Franklin Templeton Sees Aussie Yield Discount Tripling on Rates

(Bloomberg) -- Australia’s 10-year yield discount versus the U.S. may triple in the next 12 months due to a divergence in central bank interest rates, according to Franklin Templeton Investments.

The U.S. manager of $733 billion in assets sees the discount blowing out to as much as 70 basis points from about 20 currently. Investors will have the nations’ two central banks to thank for that phenomenon, as the U.S. Federal Reserve hikes interest rates while the Reserve Bank of Australia stands pat, said Chris Siniakov, managing director of fixed income for Australia.

“Just 12 months from here, you get let’s say three, maybe four rate hikes from the Fed, well then you’ve got more than 100 basis points spread in the cash rate,” Siniakov said in an interview in Sydney. While the 10-year yield gap should widen, “it won’t increase to the same amount -- maybe it will be somewhere between 50 and 70 basis points as a range,” he said.

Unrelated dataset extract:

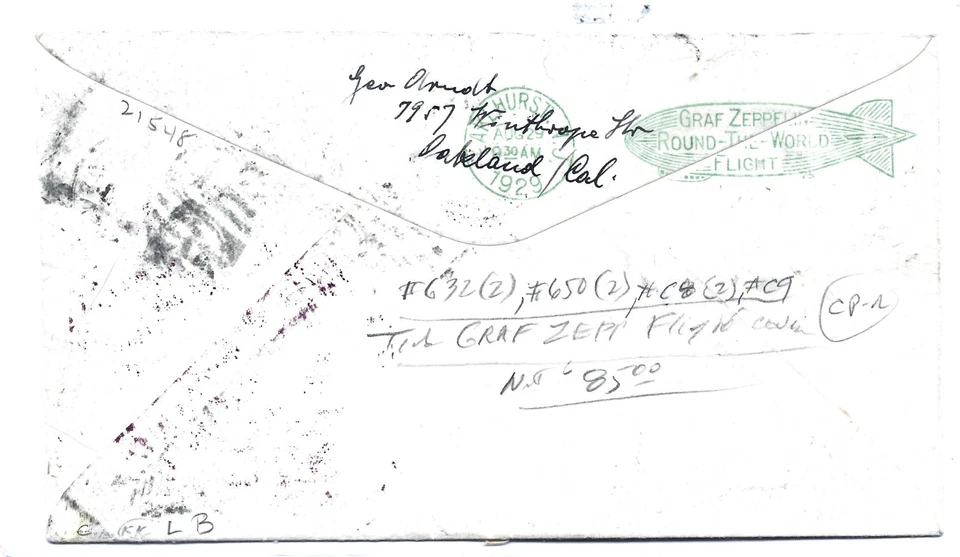 Zepplin Airmail   Aug 25 ,1929 - Image 2 of 2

The yield premium that Australian bonds enjoyed over Treasuries since 2000 swung to a discount this year as disappointing economic data pushed back expectations for the RBA to lift rates. Meanwhile, U.S. policy makers have tightened six times since December 2015 and remain committed to normalizing monetary policy. The discount touched 24 basis points earlier this month -- the widest since October 1981 -- and the gap is set to widen as growth in the world’s biggest economy gains momentum.

Franklin Templeton Sees Aussie Yield Discount Tripling on Rates

Melbourne-based Siniakov said he doesn’t see the RBA hiking until 2020 based on “a pretty strong view” that the Australian economy is “more lackluster” than the central bank has been projecting.

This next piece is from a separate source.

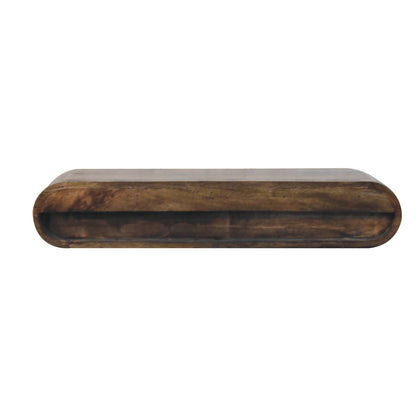 Console murale arrondie 2 tiroirs en manguier massif – Gris doux – vue 9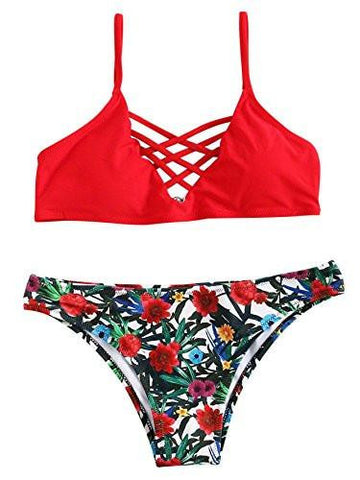 Sweatyrocks Red Bathing Suit Spaghetti Strap Floral Print Crisscross Bikini Set Red Medium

Franklin Templeton likes the two-to-three-year part of the Australian yield curve because the market was pretty optimistic in its pricing of interest rate increases from the RBA over the next 18 months, Andrew Canobi, director of fixed income for Australia, said in the same interview.

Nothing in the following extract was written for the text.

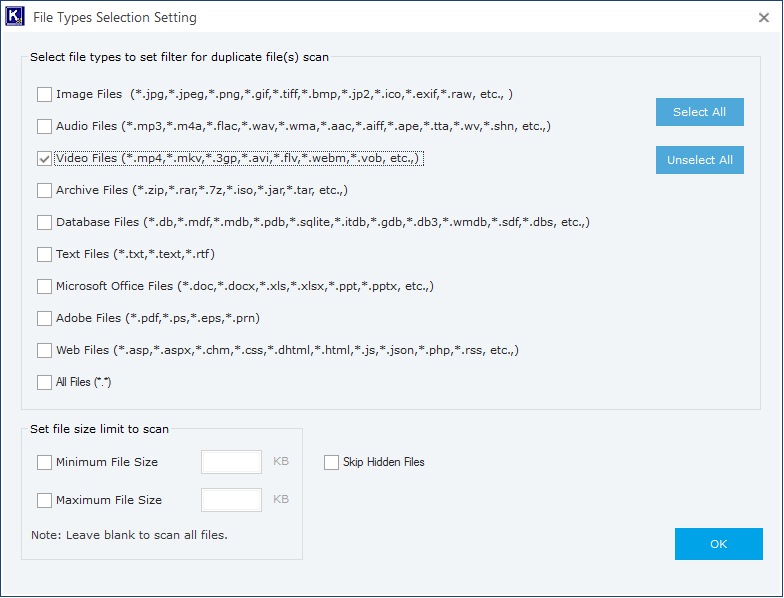 simply utilize the checkbox to designate your preference for video files and click OK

“Further out the curve, the long end, we are much more cautious because again, what happens to our market is a function of what’s happening in the U.S.,” Canobi said.

The 10-year U.S. Treasury yield topped 3 percent on Monday, a level it has been hovering around since surpassing it at the end of April for the first time since 2014.

Adding to pressure on the yield spread between Australia and the U.S. to widen is a weaker Australian dollar, which could fall further by year’s end, according to Siniakov.

“It comes down to what the U.S. dollar is doing,” he said. “We’ve been on a really nice positive momentum environment for the USD in the last six weeks and as long as that persists, the trend for the Australian dollar should move toward 72” U.S. cents, he said.